**Stored data**
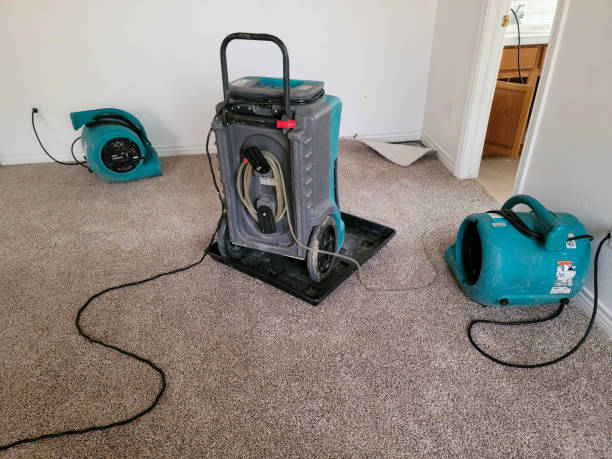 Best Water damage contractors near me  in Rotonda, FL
...
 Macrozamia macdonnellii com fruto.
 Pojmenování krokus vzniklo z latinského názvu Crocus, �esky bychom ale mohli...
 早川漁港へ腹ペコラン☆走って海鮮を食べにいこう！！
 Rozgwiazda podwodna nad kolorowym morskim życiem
--
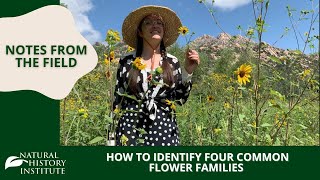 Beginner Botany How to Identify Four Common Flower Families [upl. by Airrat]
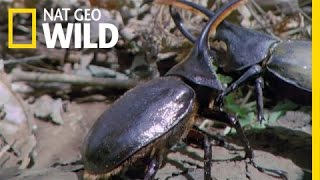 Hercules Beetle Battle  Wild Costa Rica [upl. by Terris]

**Task objective**
Copy out only the lines of the records above from the one with "Macrozamia macdonnellii com fruto." through the one with "Rozgwiazda podwodna nad", exactly as they stand, both included.

**Your response**
 Macrozamia macdonnellii com fruto.
 Pojmenování krokus vzniklo z latinského názvu Crocus, �esky bychom ale mohli...
 早川漁港へ腹ペコラン☆走って海鮮を食べにいこう！！
 Rozgwiazda podwodna nad kolorowym morskim życiem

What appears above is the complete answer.